= The Plot to Assassinate Hitler =

1955 film

The Plot to Assassinate Hitler (Der 20. Juli) is a 1955 West German feature film produced by CCC Film about the failed 20 July 1944 attempt to assassinate Adolf Hitler. Falk Harnack directed and co-wrote the film's script with Günther Weisenborn. Wolfgang Preiss won the German Federal Film Award for his role as the rebel army officer, Claus von Stauffenberg. The film has a realism that comes very close to the style of a documentary.

The Plot to Assassinate Hitler was released in the same year as G.W. Pabst's film, Es geschah am 20. Juli, (English title, Jackboot Mutiny), which deals with the same subject.

== Reviews ==
Lexicon of international film: A film that was carefully cast down to the smallest role and advised in detail by members of the resistance, which attracted positive attention in German cinema in the 1950s.

== Awards ==
The FBL awarded the film the title valuable.
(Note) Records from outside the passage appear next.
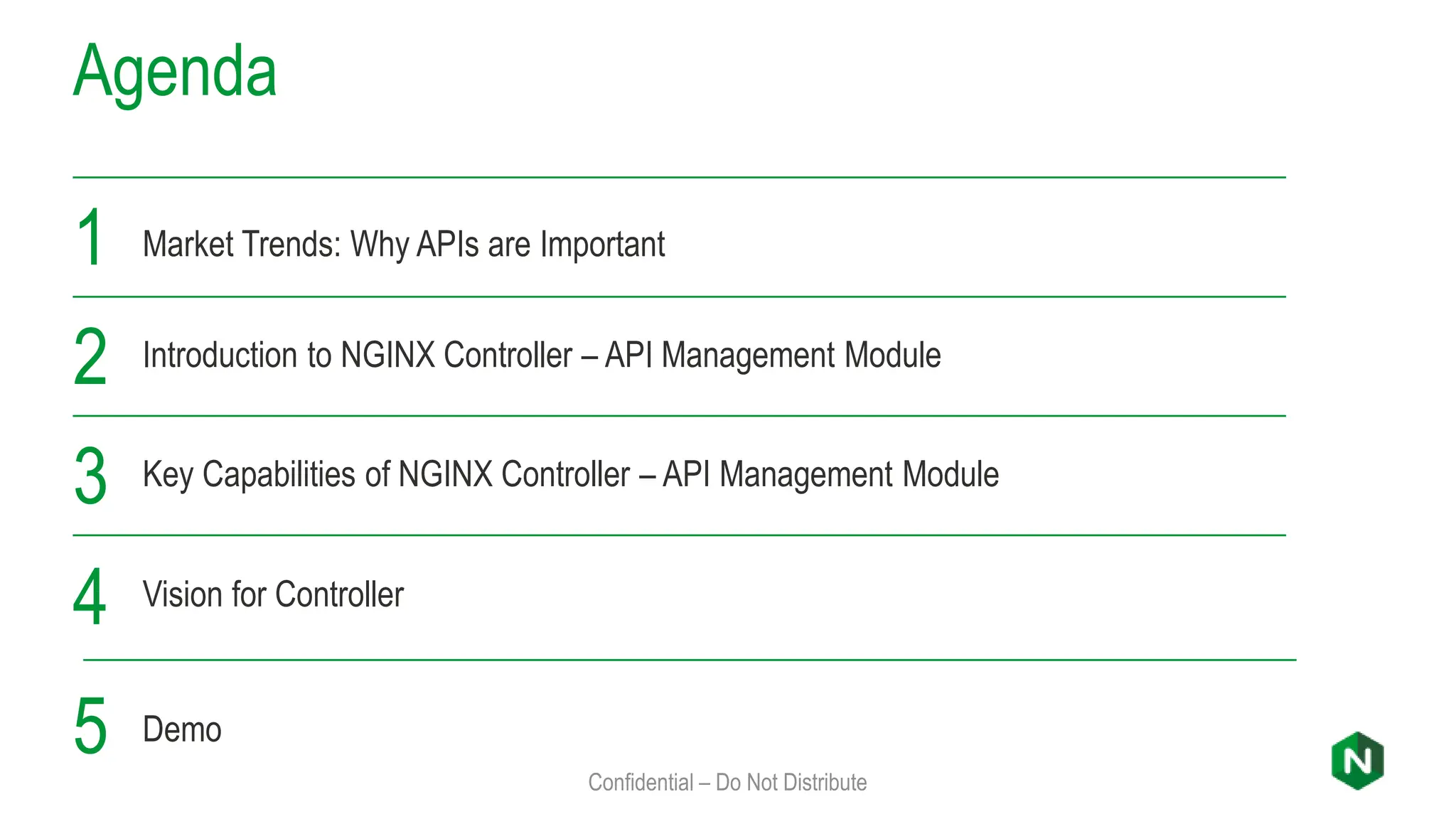 Market Trends: Why APIs are Important
Introduction to NGINX Controller – API Management Module
Key Capabilities of NGINX Controller – API Management Module
1
2
3
Agenda
Confidential – Do Not Distribute
Vision for Controller
4
Demo
5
The screenwriters Günther Weisenborn and Werner Jörg Lüddecke received the Federal Film Prize in silver in 1956.

Wolfgang Preiss also received the Federal Film Prize in silver in 1956 for his portrayal.

Producer Artur Brauner received the film award for the "feature film that makes a particularly lasting contribution to awakening civic awareness".

The film was recommended by the Evangelical Film Guild as “best film of the month” (July 1955).